# Newbie help - Acids to dissolve silver



## lokiie1984 (May 15, 2014)

I have been looking into the silver refining process and i get the gist of it, but one thing I'm not sure about is why you need nitric acid. Can you do the same job with just sulfuric? 

Making nitric acid isn't really an issue, i have access to all the stuff (cant afford to really buy the nitric acid though as there isn't any supplier near me.) But if i could skip this secondary process it would be helpful. But again if this isn't possible that's fine too, i was just curious. 


Thanks


----------



## Pantherlikher (May 15, 2014)

Hello and welcome to the forum.

Here you will find all answers to your questions.
Before we step in and give you the easy answers, you need to read through post after post and a few other things to learn why we use what we use to do specific things.

Start with the main "welcome" section
This will point you in the right direction.

Good luck and we are here to answer questions that confuse or you cannot find.

B.S.


----------



## rickbb (May 16, 2014)

By not understanding "why" you need nitric you revel that you don't understand how refining silver works. Study more and you will find your answer.


----------



## johnny309 (May 16, 2014)

You can use H2SO4.....need to study....involves electricity ....more complicated......
On the other hand.....take more time to read before .....is a "DEADLY" hobby....if you are not read the safety...MSDS


----------



## kadriver (May 26, 2014)

Sulfuric acid will dissolve silver, but it does not do it very well.

Nitric acid is much easier to work with and will dissolve the silver very quickly.

Plus sulfuric acid will destroy your filter paper when yo go to filter out the solids

Silver carries gold and platinum group metals. Nitric will not dissolve the gold so it is important to keep the filter papers - they may have gold in the solids.

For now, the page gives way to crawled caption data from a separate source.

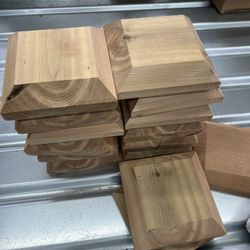 Cedar Fence Post Caps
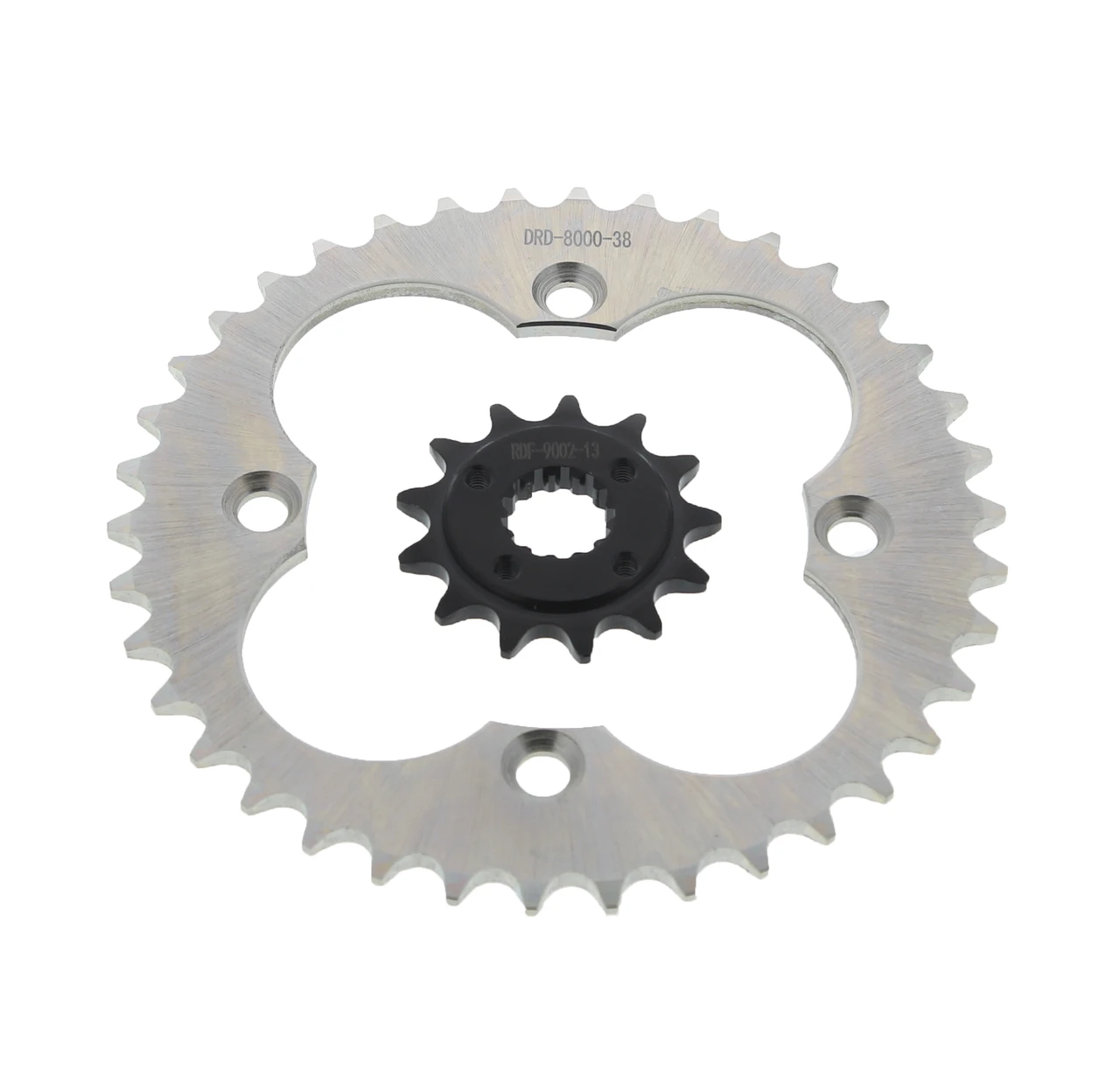2005-2008 Honda TRX400EX 400EX 13 Tooth Front & 38 Tooth Rear Silver Sprocket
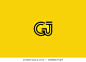 Initial based clean and minimal Logo. GJ JG G J letter creative fonts monogram icon symbol. Universal elegant luxury alphabet vector design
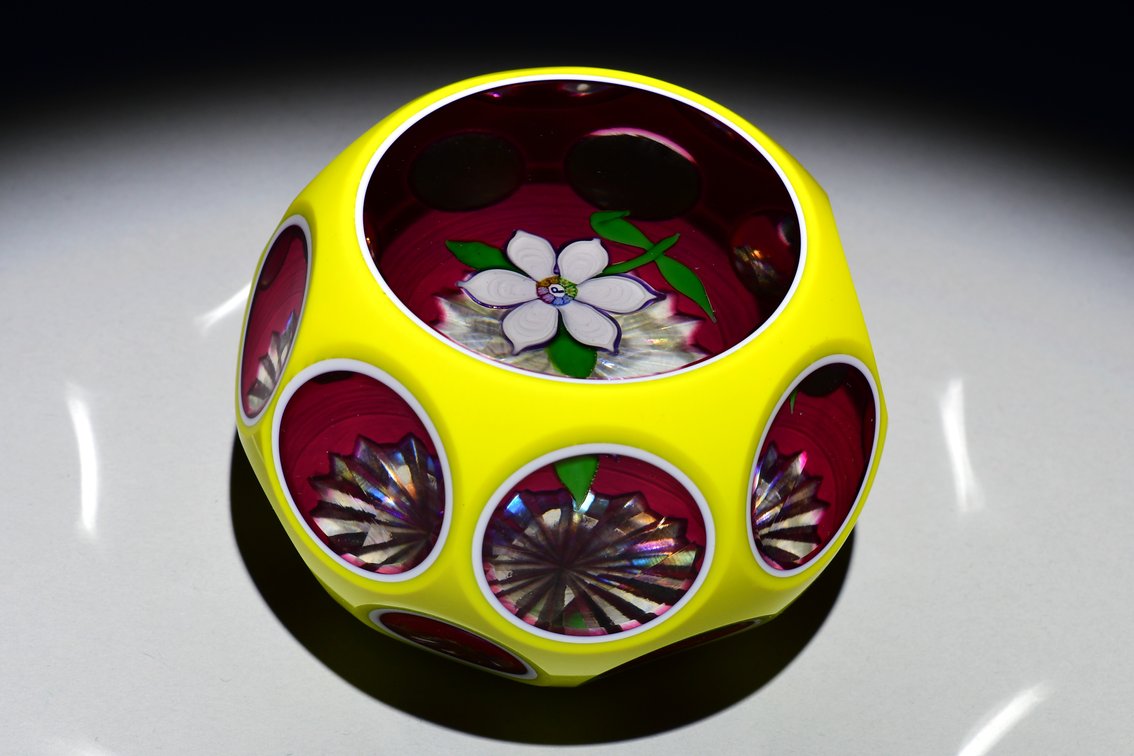 Perthshire Triple Overlay Lampwork 1977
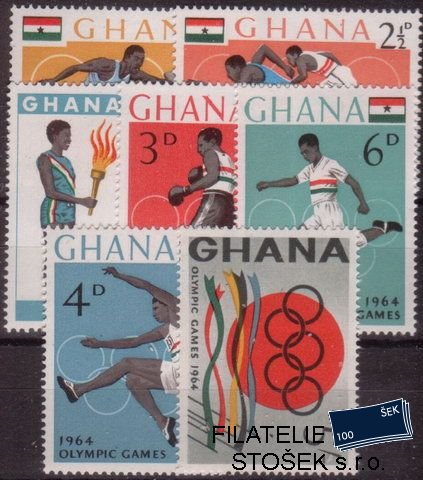 Ghana Mi 188-94+Bl.12 LOH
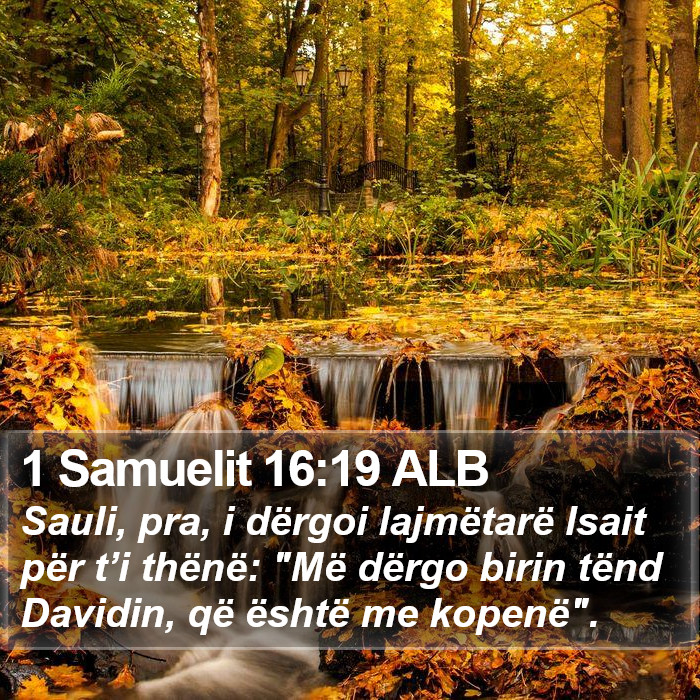 1 Samuelit 16:19 ALB Bible Study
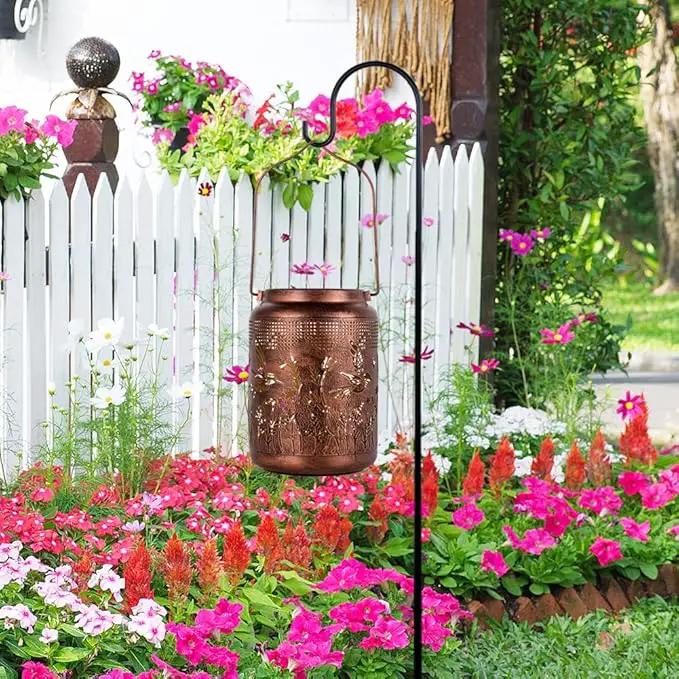 Hummingbird Solar Lanterns Outdoor Waterproof,Metal Garden Decor Hummingbird Gifts Hanging Solar Lanterns Outdoor Lights for Patio, Yard, Poch,Table Birthday Gifts for Women Mom by GreenHaven Gardens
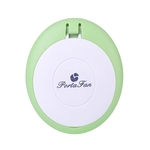 Fashion Mini Fan USB Rechargeable Makeup Mirror Cooling Fan Portable Cooler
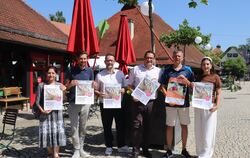 DasTeam von links: Constanze Rueß und Maximilian Vohl (MMT), Silvio Flemmig (Cityinitiative Metzingen), Patrick Hubertz (MMT), M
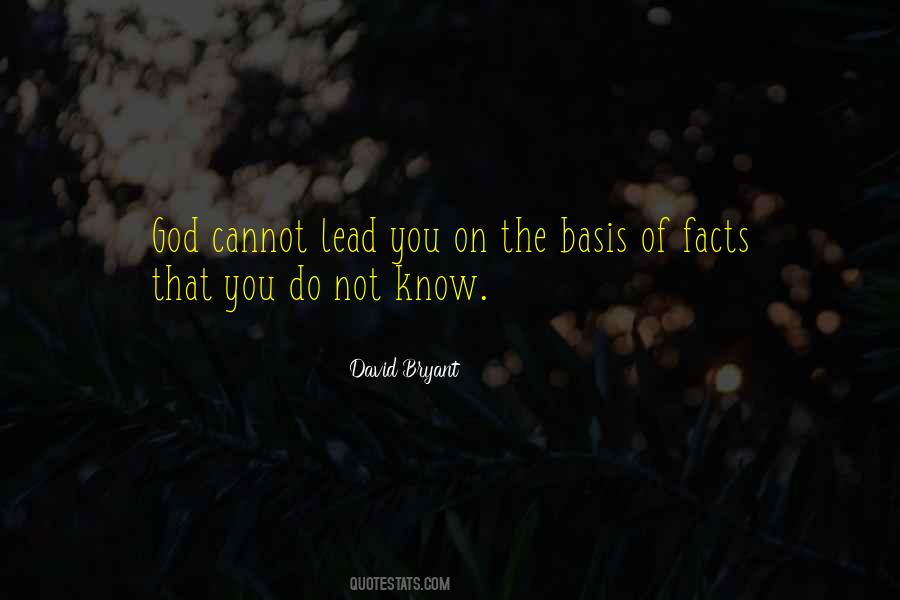 Know The Facts Quotes #103521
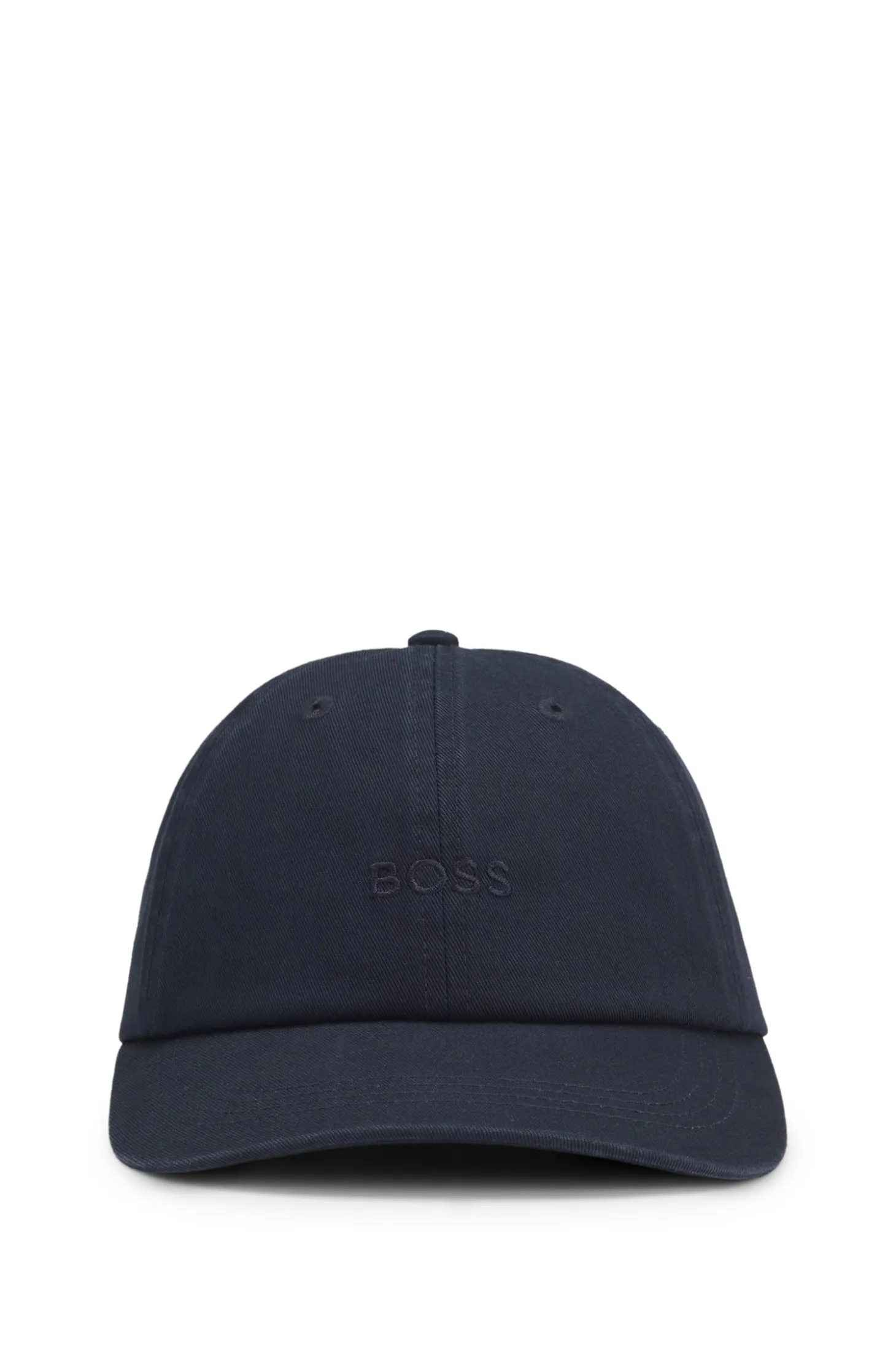 Cap aus Baumwoll-Twill mit Logo-Stickerei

I immediately remove my filter papers after filtering the silver nitrate solution and rinsing and allow them to dry, then stick the dried filter paper with all the solids into a plastic freezer bag and save them until I get about 30 or so.

Then I incinerate the filters and recover the gold with AR.

Last time I did this I got 1.4 grams of pure gold from the filter papers.

If the silver is real old then you may get a great deal more.

I had a 19th century silver mug that weighed around 700 grams and got over 1.5 grams of gold just from that mug.

But this was a rare treat.

kadriver


----------



## svarbanu (Jun 26, 2014)

kadriver

This question is slightly off topic.
You said you are using non-magnetic stainless steel bowl as cathode for electrolysis. Why not an ordinary SS steel. I saw some videos prescribing stainless steel rods for cathodes. What specific reason for using non-magnetic ones?


----------



## Palladium (Jun 26, 2014)

Most alloys of stainless contain iron and corrosion from nitric will eat it up. study the differences in the alloys of the stainless series and you will see the difference. 300 series works great for a cell.


----------



## svarbanu (Jun 27, 2014)

I tried a magnet on some SS utensil at home. Some reacted and some didnt. Is that a good test for non-magnetic SS or should i go shopping for a 300 + series?


----------



## kadriver (Jun 30, 2014)

[*]


svarbanu said:


> I tried a magnet on some SS utensil at home. Some reacted and some didnt. Is that a good test for non-magnetic SS or should i go shopping for a 300 + series?



I took a small magnet with me to Kmart and tested the bowl with it before I bought it. I think that the magnet test is a good one and that is the test I used. I make pure silver in the nonmagnetic stainless steel bowl I bought from Kmart ($9 bucks) and it works perfectly.

kadriver


----------